I don't know if I believed her. I clung on a bit longer, wondering to myself where the light had gone and where it'd taken Margie. I hadn't seen her for miles. "Odysseus?" I asked. The wind snatched my words away into the night sky like flyers torn from a notice board. "That little light that you had? The one that my dog caught? What is that?"

"What is it?" Odysseus scoffed. In her mirth, it seemed to escape her that I was in any need of assistance. Her arms unraveled from the cradle that had rocked me so safely a moment ago. I gave a strangled scream, but to my surprise, the air caught me up again as though I'd landed on a soft cushion. I laughed with relief, my body buzzing with the energy that suspended me.

I didn't catch up to Odysseus again for another few minutes, pumping my legs foolishly about me while she sailed on ahead, graceful as a dolphin cutting through water. When at last she slowed herself enough that I could push myself up next to her again, I grabbed onto her arm, determined not to lose her again. The thin skirt of my nightgown flapped around my legs like a cold, silk mouth. "Yes," I said, determined not to let the conversation escape me again. "What is it?"

"What's what?"

"Do you forget everything?" I asked. She jerked suddenly to the left, jerking me and my clenched fingers along with her. My stomach dropped. I turned onto my back so that I could only see the stars instead of all the distance I had to fall. We were rapidly approaching a shoreline, a voluminous vocabulary of water stretched out before us with dark, inky depths. I kept my eyes on the girl's knuckles, dyed white in the moonlight. I clasped her wrist and wondered if I could get away with holding her hand.

She turned onto her back as well, copying my twist. She pried my fingers away from her right wrist, but she let me weld them back onto her left one. Crossing her legs, Odysseus leaned back into the night, rocking in the gentle breeze. Her cheeks were rashy with cold and I could feel her pulse jumping in her wrist. "Well, not everything," she told the moon. "No one could forget everything. Were you asking something?" She jerked her head toward me and all of a sudden, I had her eyes on me.

"Y-yes." I couldn't keep it up. I looked away and gripped her tighter, afraid that she might wriggle free while I wasn't looking. "I asked what your little light is. You have a name for it, don't you?

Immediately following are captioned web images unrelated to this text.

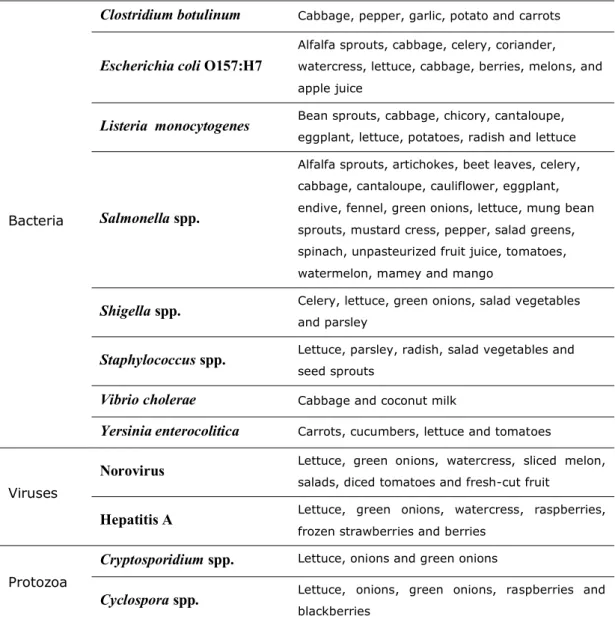 Table 1. Major fruits and vegetables pathogens associated with outbreaks (Abadias et al.,  2012, FAO/WHO, 2008, Olaimat and Holley, 2012, Senorans et al., 2003, Seow et al.,  2012, Van Boxstael et al., 2013, Warriner, 2005, Zhao, 2005)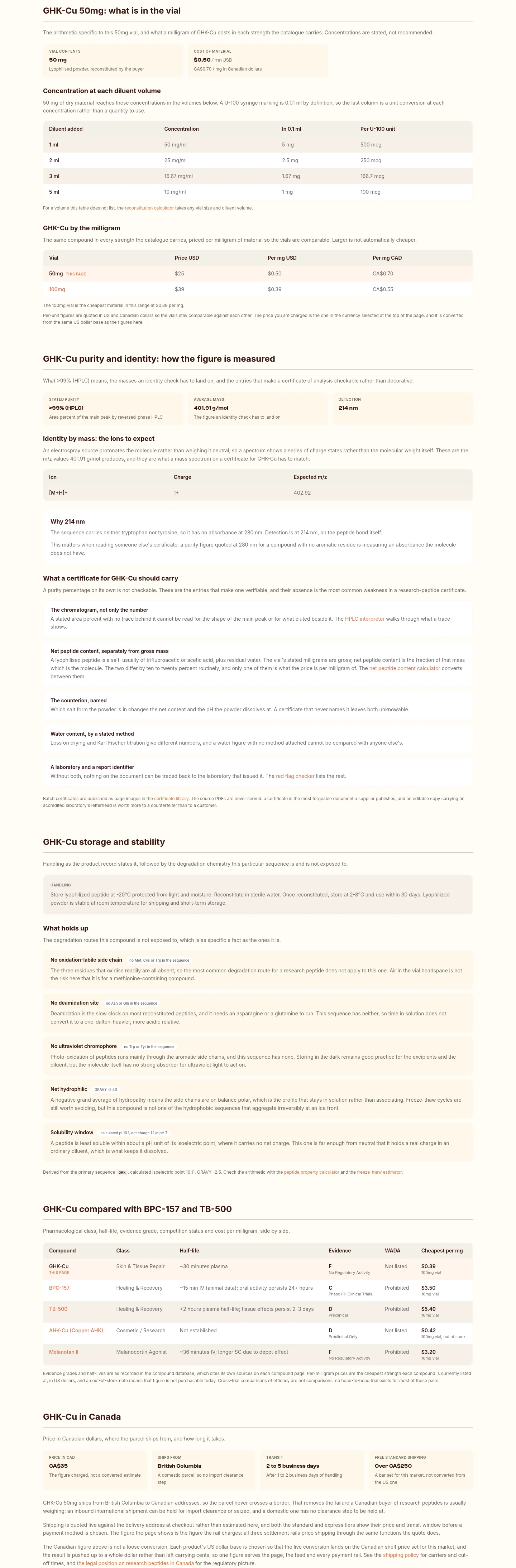 voltapeptides.com Features section
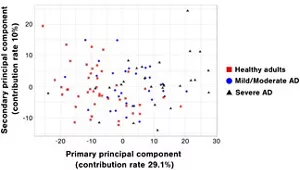 This figure shows the similarity in SSL-RNA expression in healthy adults, patients with mild/moderate AD, and patients with severe AD. The healthy adults, the patients with mild/moderate AD, and the patients with severe AD were plotted in close proximity to the other samples in the same group, respectively . Meanwhile, the greater the severity of AD (from mild/moderate AD to severe AD), the larger the distance from the healthy adults.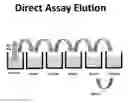 Fig. 01 - Immunoassay with enhanced sensitivity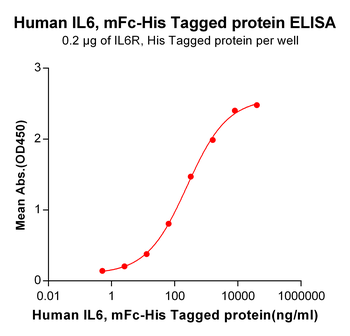 Human BAFF-R Protein蛋白, mFc Ta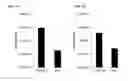 Fig. 02 - MESENCHYMAL STROMAL CELLS FOR TREATING SEPSIS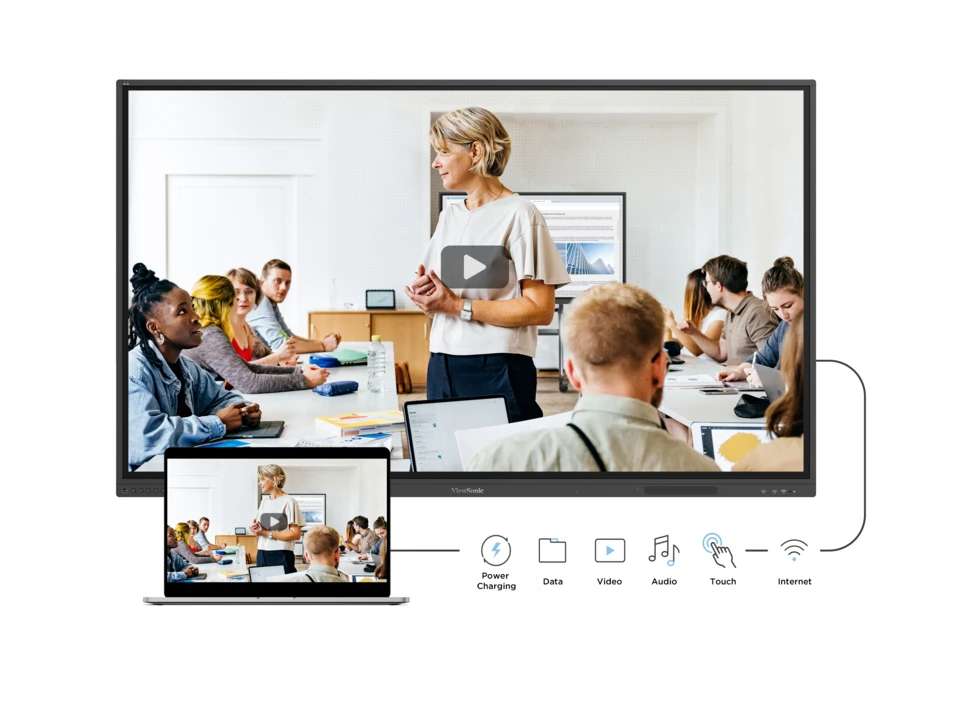 Màn Hình Tương Tác ViewSonic ViewBoard IFP55G1 – 55 inch 4K, Dòng Genesis, Không Cần Hệ Điều Hành, USB-C 65W, Khung Nâng Cấp Linh Hoạt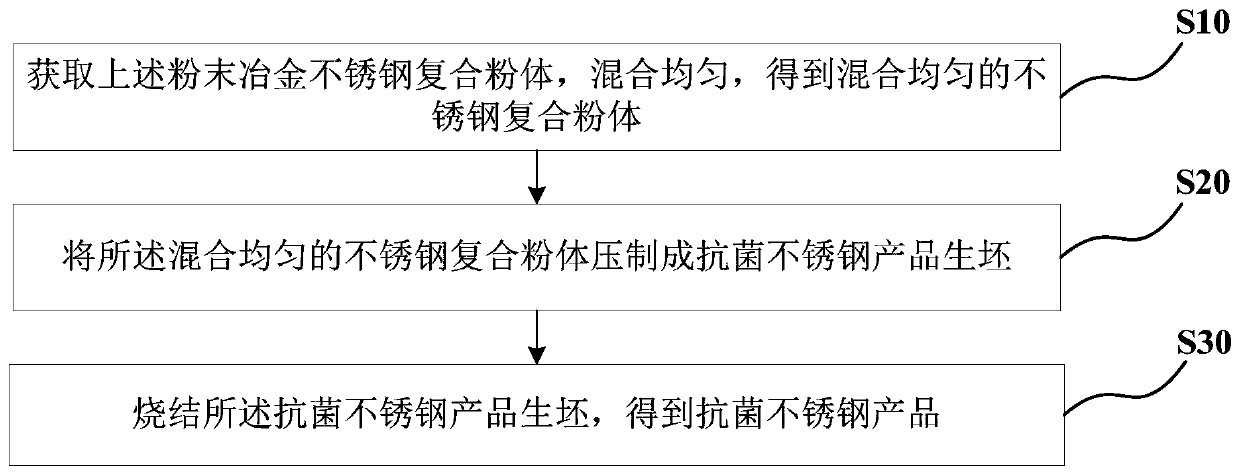 Antibacterial stainless steel composite powder, antibacterial stainless steel and preparation method thereof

I heard you say it."

"I haven't a clue what you're talking about." That's what she said at first, sort of in a defiant way. But it didn't seem to stick with her that she'd said it, a moment later. "Hestia's my fairy," she told me, her head lolling absently to the side. "She's quite a creature, isn't she?"

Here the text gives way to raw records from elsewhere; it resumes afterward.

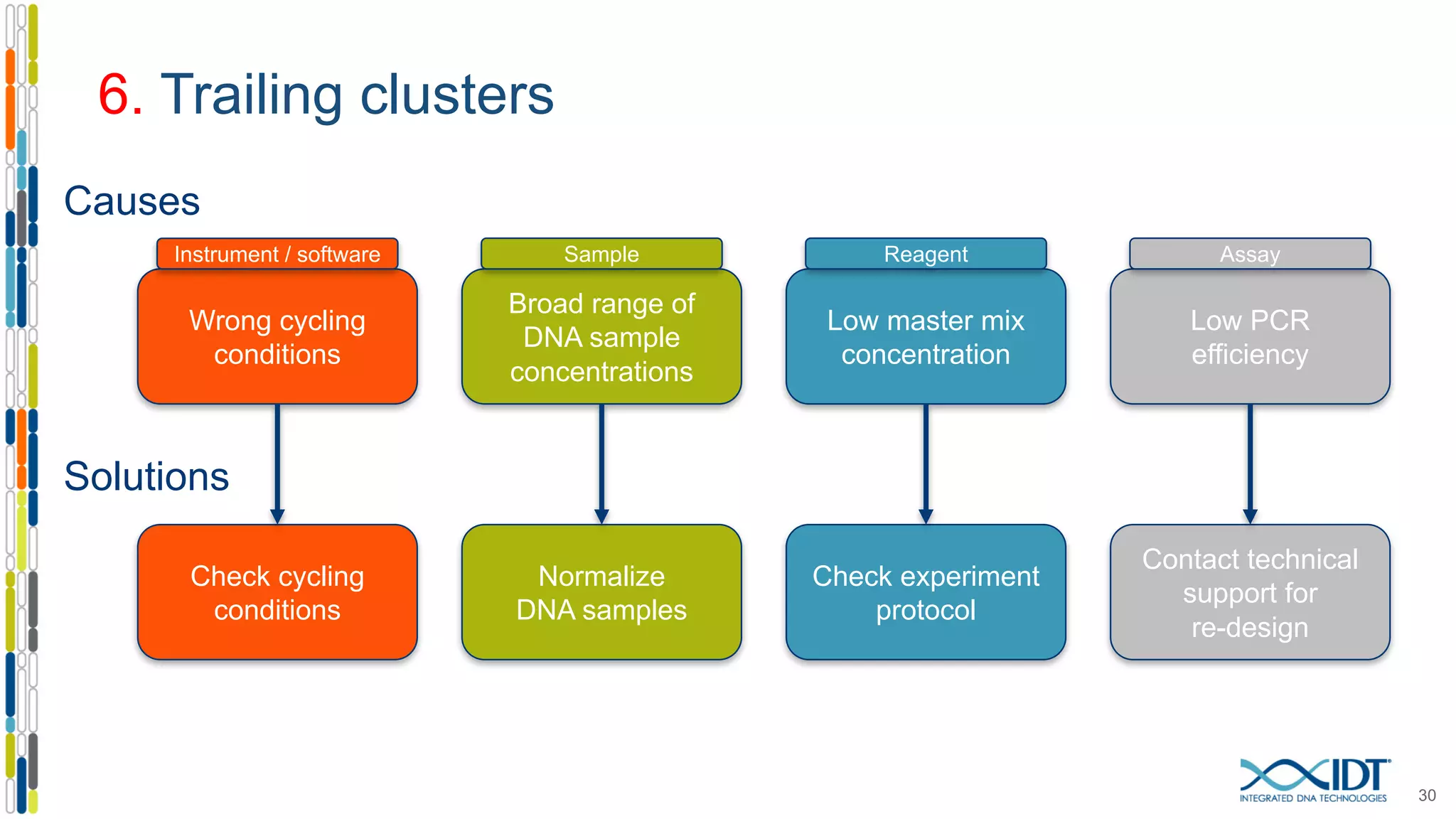 6. Trailing clusters
30
Broad range of
DNA sample
concentrations
Low PCR
efficiency
Low master mix
concentration
Wrong cycling
conditions
Normalize
DNA samples
Contact technical
support for
re-design
Check experiment
protocol
Check cycling
conditions
Causes
Solutions
Instrument / software Sample Reagent Assay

A tenderness had crept into her voice that felt like a little lick of fire blossoming in my belly. I grinned to myself, wished she wouldn't stop talking. What a delightful little child, I thought to myself. Forgetful, maybe, a petty thief, perhaps, but delightful. Which is why it took my so long to register that she'd said fairy. "You have a fairy?" I gasped.

"Sure I do," said the girl. The warmth leaked out of her voice, replaced by a twinge of annoyance. "I dunno where she's gotten off to. I oughta keep a better eye on her." And just like that, she pushed away from me and darted off, leaving me to wheel uselessly, endlessly, through the night sky like a bit of space junk drifting through the atmosphere.